I think the last time i saw an actual evolution in gaming in the 5 decades that I have been gaming was with PUBG. The realization of that evolution was the door mechanic. Opening and closing doors. Car doors and building doors. You could save yourself from a fight with an adept shutting of a door. This brings me to Last of Us 2. Where you can open drawers, but not shut them. You can can never open a car door unless it's part of some impending cutscene. Remember when the Division demo E3 had the simple act of shutting a door blowing people's minds. Well that was honestly the hallmark of this generation. When games dont have it or only some things are interactable it's very disappointing. When are games going to stop:
- Funneling
- Sign posting
- Quicktime eventing me
- Narrow script and dialoguing me
- Games like GTAV online thrive because of role playing. Last of Us 2 will be the same game 10 years from now. Patch in new dialogue trees? Is the only way i can get subtlety in writing is through changing the language track?
I exit gaming every couple of years when i realize the futility and sameness of it all and through retro collections and mini-consoles I can capture what i missed. Some landmarks for games that brought me back were Tony Hawk, gamecube era Animal Crossing, Resistance, Modern Warfare, Tomb Raider (2013), and PUBG. I don't see that next game on the horizon on consoles anyway (consoles are as easy to operate as your car, with just the turn of a key, so PC games are irrelevant to me).
The PS5 June event looked like business as usual. I do a very good job of seeing, even in a trailer, what a game is doing new. Cyberpunk might have been amazing, if in 3rd person.
I knew what PUBG had from just watching a stream.

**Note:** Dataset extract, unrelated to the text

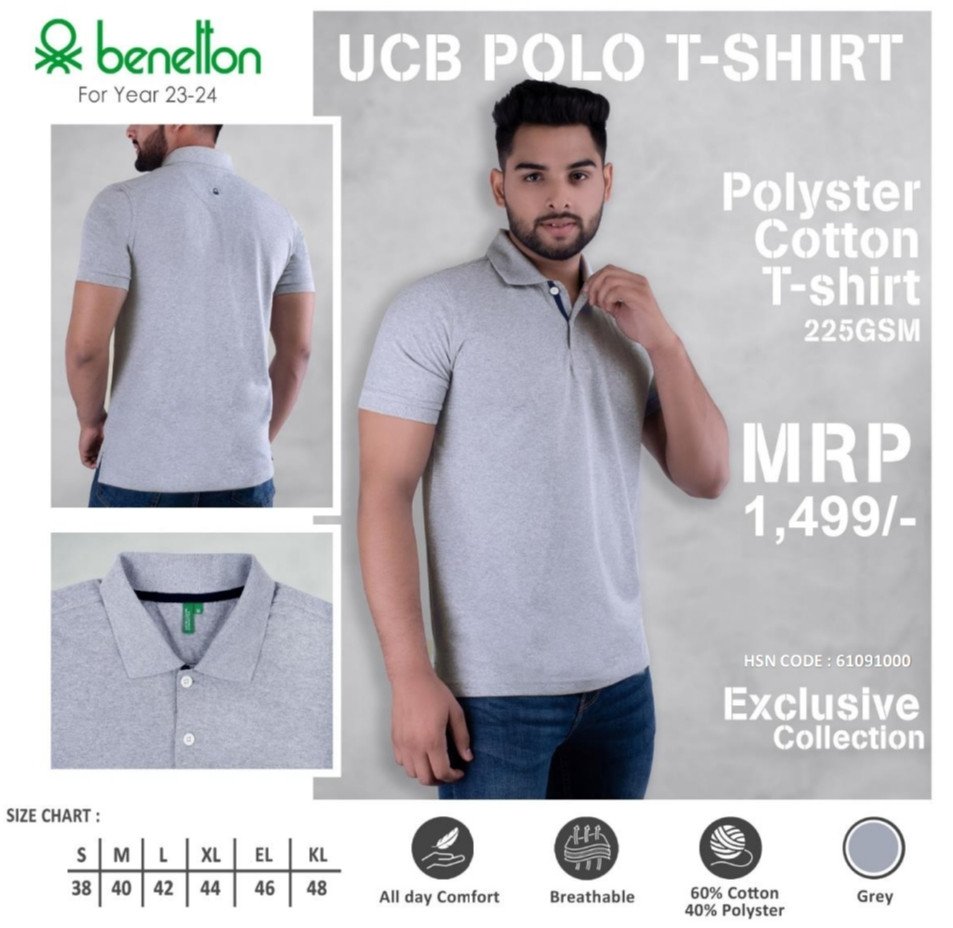 Grey-Ucb Polo Neck T-Shirt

Tony Hawk gave me music that i had in my collection in a game. Animal Crossing helped me reexamine what i'm doing to foster relationships in my real life. Resistance taught me never to pay for online gaming (until game with gold became a thing). Modern Warfare offered game commentary for what i was doing with progress bars and numbers going up (Im not an RPG guy so that was new to me). Tomb Raider showed me the awesomeness of cutscenes but by the end of the game i had seen enough for all games so i skipped the 3rd person assault that is playstation gaming.
PUBG showed me the infiniteness of combat encounters and the foolishness of salivating, over the course of a year, for at most 20 different maps released in 4-pack chunks with announcement, console-exclusive, and remastered trailers. PUBG has left me wanting a single player story with one map (i thought that was what Last of Us 2 was going to do in the downtown area but i guess they copy pasta'd their original ps2 vision for the rest of the game). I want missions that dynamically change with my actions the final boss doesnt have to be Manuel Noreaga every time. It should dynamically change with my actions like Shadow of Mordor. Dialogue trees should be infinite. Staff writers should be writing current and salient copy in the same way that South Park writers do. It is absolutely absurd that i am halfway done with the Last of Us 2 and their is not one nod to COVID-19. These games are not written in vacuums. If between March 15th and the day the game went gold they couldn't find a way to rewrite a mission or even tailor a collectible to the world that we live in, then what am i even gaming for. I should quit gaming and let these people get back to writing insurance claims adjustment software. I am not here for some self-important writer's opus that they wrote on a napkin while they were sitting out gym class. I'm sick of games existing in a vacuum.